— Exercise objective —
Copy exactly the stretch of data below from the line with "Dkny Women's 1989" through the line with "Front LX secondary", including both of those lines.

— Task material —
· · ·

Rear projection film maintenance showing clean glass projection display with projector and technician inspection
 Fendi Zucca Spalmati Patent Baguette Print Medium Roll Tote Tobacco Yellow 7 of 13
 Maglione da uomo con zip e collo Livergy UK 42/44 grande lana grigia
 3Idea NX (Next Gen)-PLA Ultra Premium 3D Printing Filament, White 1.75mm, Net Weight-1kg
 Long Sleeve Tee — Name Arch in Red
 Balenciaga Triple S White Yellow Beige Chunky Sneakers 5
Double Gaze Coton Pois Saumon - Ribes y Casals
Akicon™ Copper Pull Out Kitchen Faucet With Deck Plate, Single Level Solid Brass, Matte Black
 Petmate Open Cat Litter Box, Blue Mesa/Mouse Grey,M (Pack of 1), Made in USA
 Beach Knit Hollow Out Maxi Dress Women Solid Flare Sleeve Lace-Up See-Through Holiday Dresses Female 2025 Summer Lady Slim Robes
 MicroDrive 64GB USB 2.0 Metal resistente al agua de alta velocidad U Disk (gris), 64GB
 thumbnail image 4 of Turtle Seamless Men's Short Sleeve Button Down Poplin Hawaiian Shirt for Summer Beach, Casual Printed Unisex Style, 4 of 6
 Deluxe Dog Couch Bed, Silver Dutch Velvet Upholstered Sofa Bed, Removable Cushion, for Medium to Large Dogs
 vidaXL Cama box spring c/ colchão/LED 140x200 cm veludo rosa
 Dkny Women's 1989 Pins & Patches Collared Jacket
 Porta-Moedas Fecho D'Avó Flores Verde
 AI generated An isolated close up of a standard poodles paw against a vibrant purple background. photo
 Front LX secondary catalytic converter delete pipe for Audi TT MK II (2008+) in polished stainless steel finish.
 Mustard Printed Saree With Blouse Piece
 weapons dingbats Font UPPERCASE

· · ·

— Result of the exercise —
 Dkny Women's 1989 Pins & Patches Collared Jacket
 Porta-Moedas Fecho D'Avó Flores Verde
 AI generated An isolated close up of a standard poodles paw against a vibrant purple background. photo
 Front LX secondary catalytic converter delete pipe for Audi TT MK II (2008+) in polished stainless steel finish.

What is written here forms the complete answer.